Printable CopyGOLDEN DRAGON
Bakehouse Theatre Company
Bakehouse Theatre
Until 22 Jul 2017

Review by Paige Mulholland

The most important thing to say about “The Golden Dragon” is that it is a very weird show. Although the “worlds collide in a small Asian restaurant” plot summary may make it sound like something akin to “Love Actually” but with more spring rolls, the many intertwining narratives in this show are less “boy meets girl” and more “boy sees entire family living in the hole left by his decayed tooth”. However, if you have a taste for weird (and tooth decay doesn’t gross you out too much), it’s also a twist-filled, twisted story that will keep you interested (and confused) until the end.

The show begins in the cramped, sweaty kitchen of The Golden Dragon, a Chinese-Thai-Vietnamese restaurant in a busy city. A young immigrant boy from China is suffering from an unbearable toothache, but, lacking official immigration papers or identification, is powerless to do anything about it. Throughout the show, his story intersects with the stories of those who visit the restaurant – a young, pregnant girl, her partner, her grandfather, the owner of the grocery next door, a pair of flight attendants, and, for reasons unknown until the end of the play, a cricket and an ant fighting to survive the harsh winter.

Peppered with alienating Brechtian techniques (think reading stage directions aloud and actors playing characters with opposite genders, ages and physical structures), the show is stylistically unusual, but that’s nothing compared to the weird and wild plot. As the show progresses, the audience moves from reluctantly laughing as the actors dictate their own short pause for the fourteenth time to eerie silence as they witness harsh realities like sex trafficking, brutal violence, and families torn apart.

While white actors playing Asian roles makes sense – given that women are playing men and young actors are playing older characters and vice versa – it does seem remiss that white actors play both the white roles and the Asian roles. As is often the case, a more racially-diverse cast would not have gone astray in “The Golden Dragon”.

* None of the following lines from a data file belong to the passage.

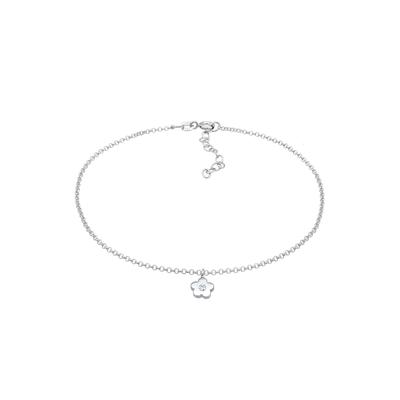 Elli Blume Blüte 925 Silber, mit Kristallen von Swarovski® 22 Damen Image
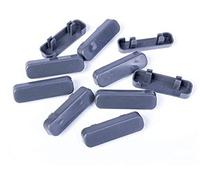 40 x PVC Window Drain Caps Weep Hole Drainage Covers uPVC Double Glazing Grey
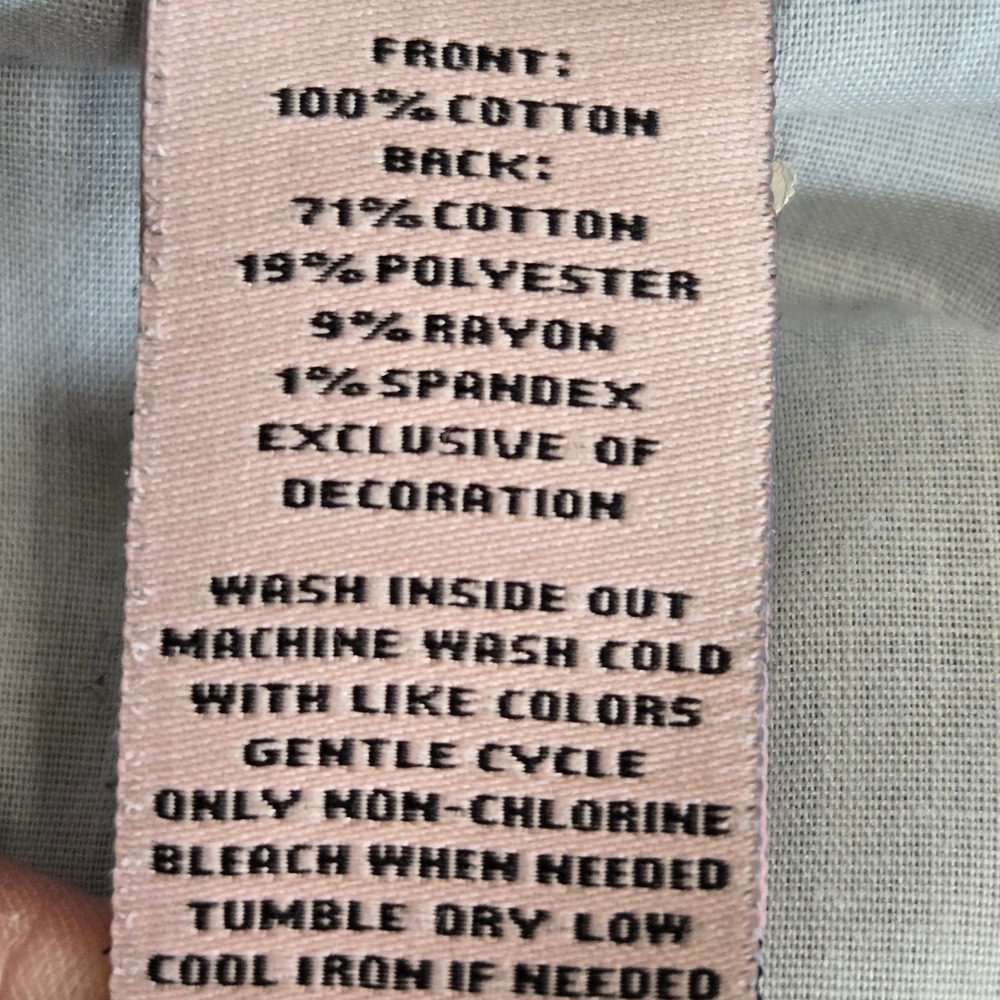 Sequin Distressed Denim Shorts Cotton Casual Size 10 Juicy Couture Womens - Picture 10 of 11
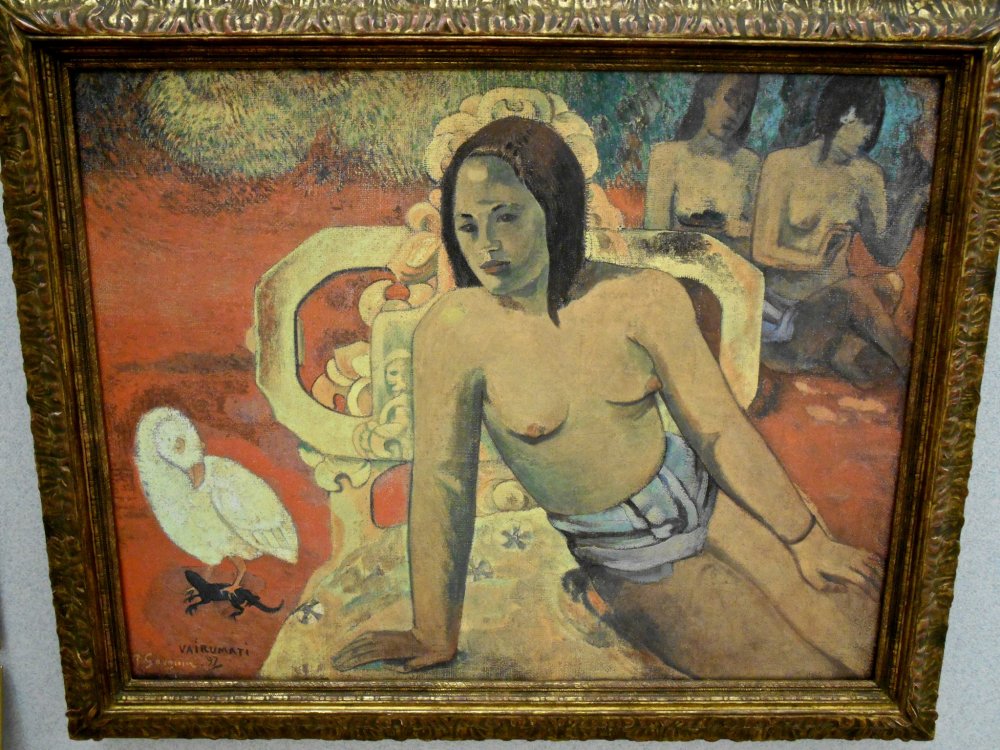 'Vairumati' của Paul Gauguin. Bản gốc ở  Musée d'Orsay, Pháp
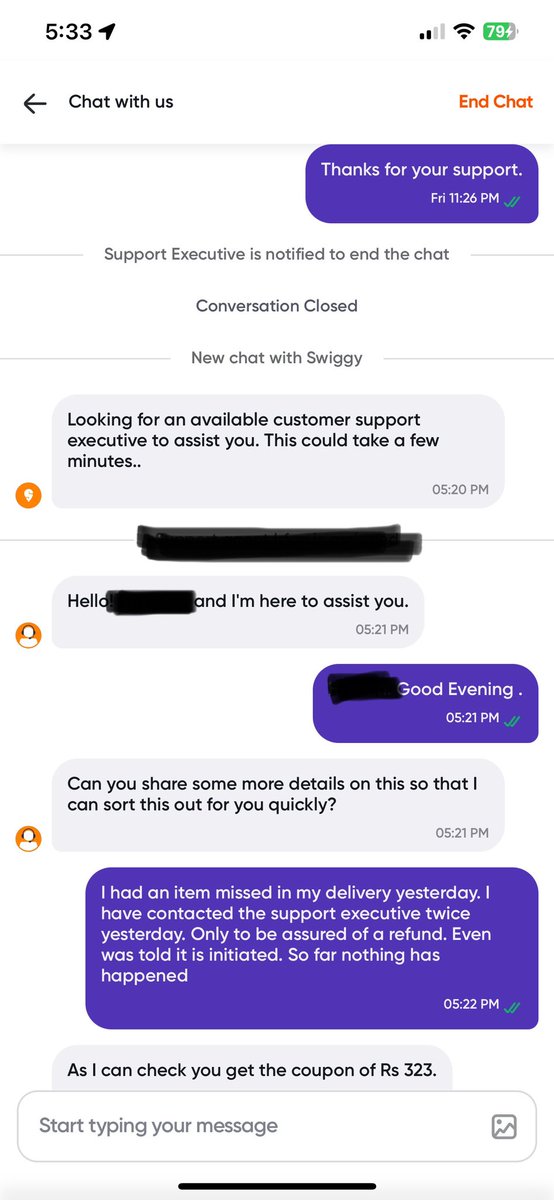 taps_479's tweet photo. @SwiggyCares @Swiggy What kind of new fraud are you guys upto? You are now giving coupons for undelivered items which can be used only on your platform instead of making refund to original source. Especially after stating a refund to original source was initiated.
@jagograhakjago https://t.co/zb81hp81EE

Racial elements aside, the cast is hardworking, well-rehearsed and support each other impeccably through a complicated and challenging role. Juggling dense dialogue, constantly switching characters and an unusual dramatic style is no easy feat, but actors Brendan Cooney, Mark Healy, Clare Mansfield, Jo Pugh and Robbie Greenwell do so proficiently and generously – a true ensemble performance.

The set and costumes are simple and adaptable, easily accommodating the constantly changing settings and characters. The fact that, in the kitchen of the restaurant, food is being cooked live on stage is a nice touch – nothing gives Asian takeaway vibes quite like the smell of sesame oil. While this realistic touch seems at odds with many of the other stylistic choices in the play, all of which were designed to prevent the audience from suspending their disbelief, it also smells delicious, so who are we to fault it?

You’ll be confused by many things in “The Golden Dragon”. The plot, the style, even a few of the directorial choices. However, who’s to say a little confusion is a bad thing?